##### DATA IN THIS EXERCISE

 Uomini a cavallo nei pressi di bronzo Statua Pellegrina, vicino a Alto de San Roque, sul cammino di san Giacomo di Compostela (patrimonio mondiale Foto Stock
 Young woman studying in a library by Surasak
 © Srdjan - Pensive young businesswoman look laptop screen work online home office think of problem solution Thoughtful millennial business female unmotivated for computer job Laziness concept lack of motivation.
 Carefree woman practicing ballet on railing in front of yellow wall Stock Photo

##########
##### DATA IN THIS EXERCISE

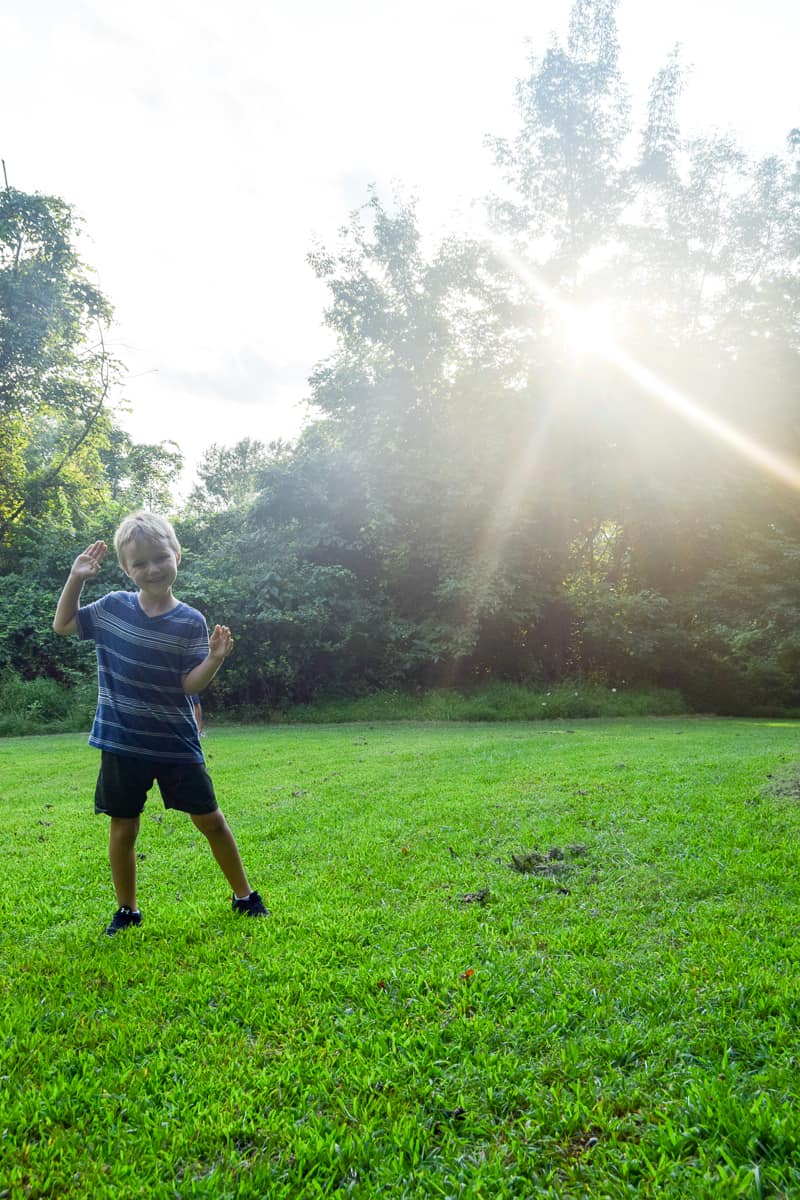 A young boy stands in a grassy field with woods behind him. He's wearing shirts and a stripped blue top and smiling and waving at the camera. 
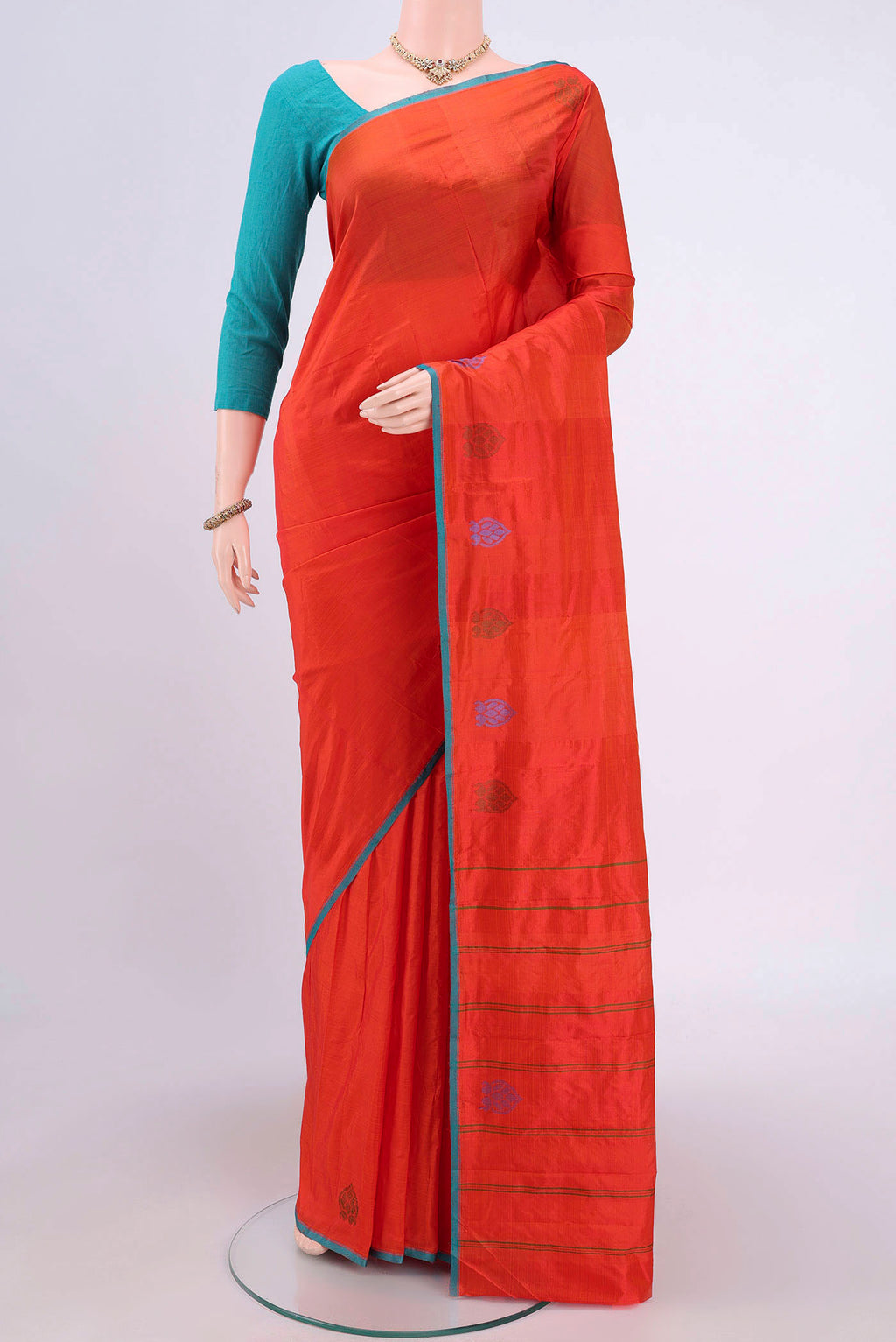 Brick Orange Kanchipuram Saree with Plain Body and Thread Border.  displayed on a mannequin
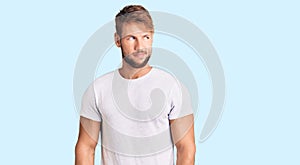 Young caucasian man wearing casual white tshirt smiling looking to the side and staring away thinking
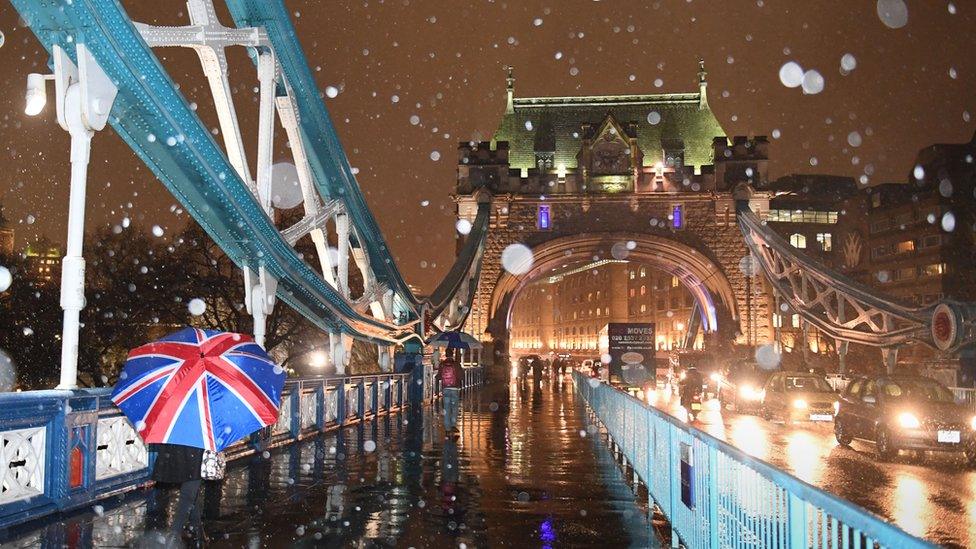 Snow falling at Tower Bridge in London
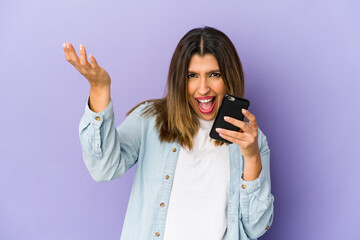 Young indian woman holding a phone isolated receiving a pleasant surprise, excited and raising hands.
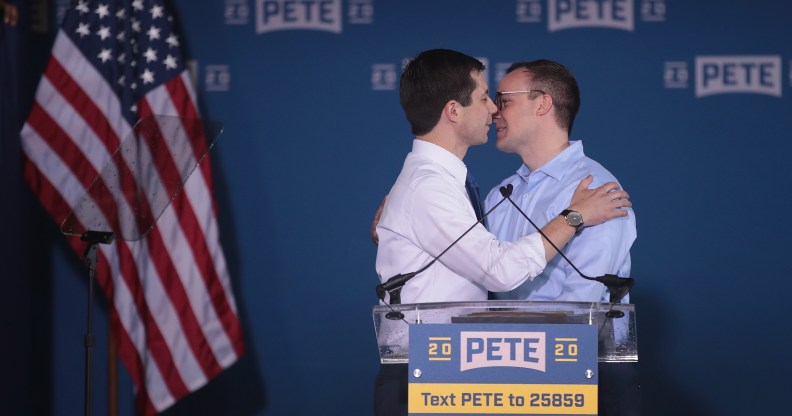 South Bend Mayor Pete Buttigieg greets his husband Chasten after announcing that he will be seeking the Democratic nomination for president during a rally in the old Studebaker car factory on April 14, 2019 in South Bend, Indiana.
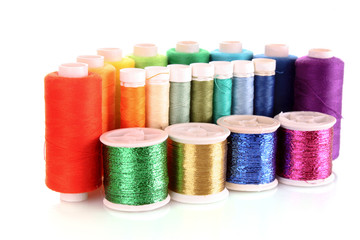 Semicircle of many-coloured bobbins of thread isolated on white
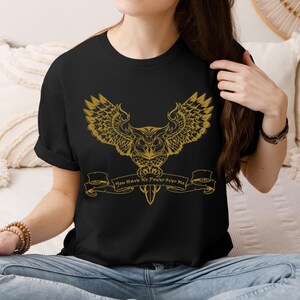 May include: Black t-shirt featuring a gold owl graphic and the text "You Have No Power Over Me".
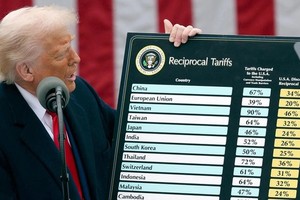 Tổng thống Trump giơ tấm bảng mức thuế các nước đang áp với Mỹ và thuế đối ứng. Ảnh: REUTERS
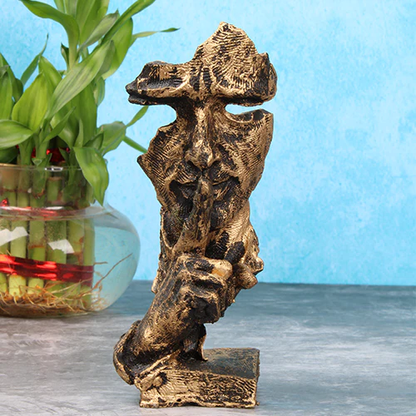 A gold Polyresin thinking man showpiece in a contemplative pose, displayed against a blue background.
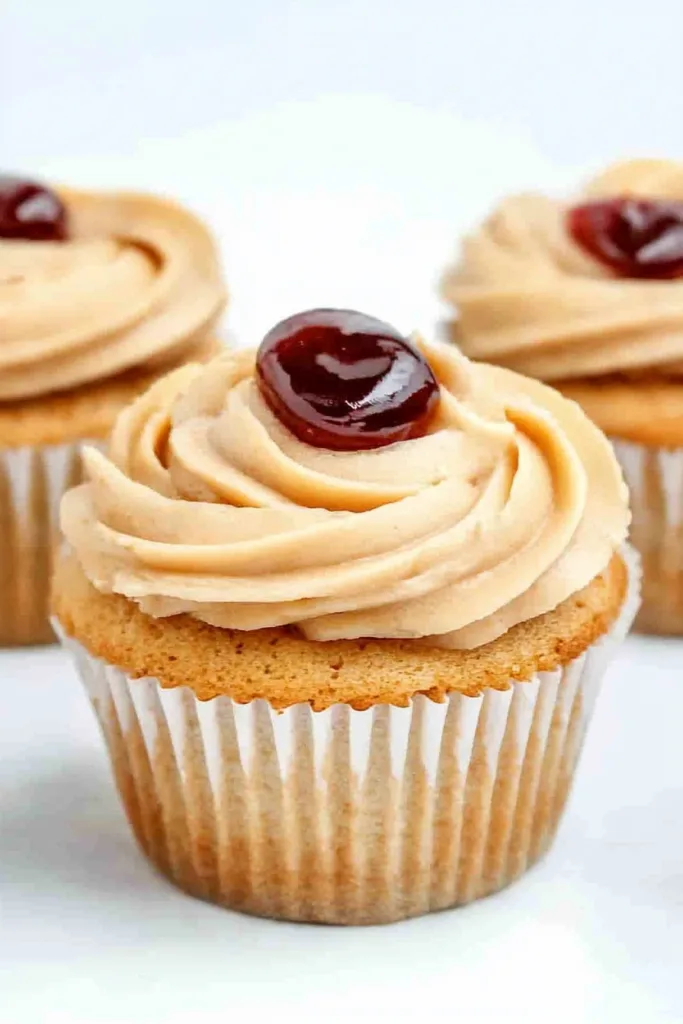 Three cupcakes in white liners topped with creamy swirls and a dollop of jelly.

##########

Return, unchanged, the run of lines above that opens with the line containing "Uomini a cavallo" and closes with the line containing "Carefree woman practicing". Include both.

→ REPLY TO THE TASK:
 Uomini a cavallo nei pressi di bronzo Statua Pellegrina, vicino a Alto de San Roque, sul cammino di san Giacomo di Compostela (patrimonio mondiale Foto Stock
 Young woman studying in a library by Surasak
 © Srdjan - Pensive young businesswoman look laptop screen work online home office think of problem solution Thoughtful millennial business female unmotivated for computer job Laziness concept lack of motivation.
 Carefree woman practicing ballet on railing in front of yellow wall Stock Photo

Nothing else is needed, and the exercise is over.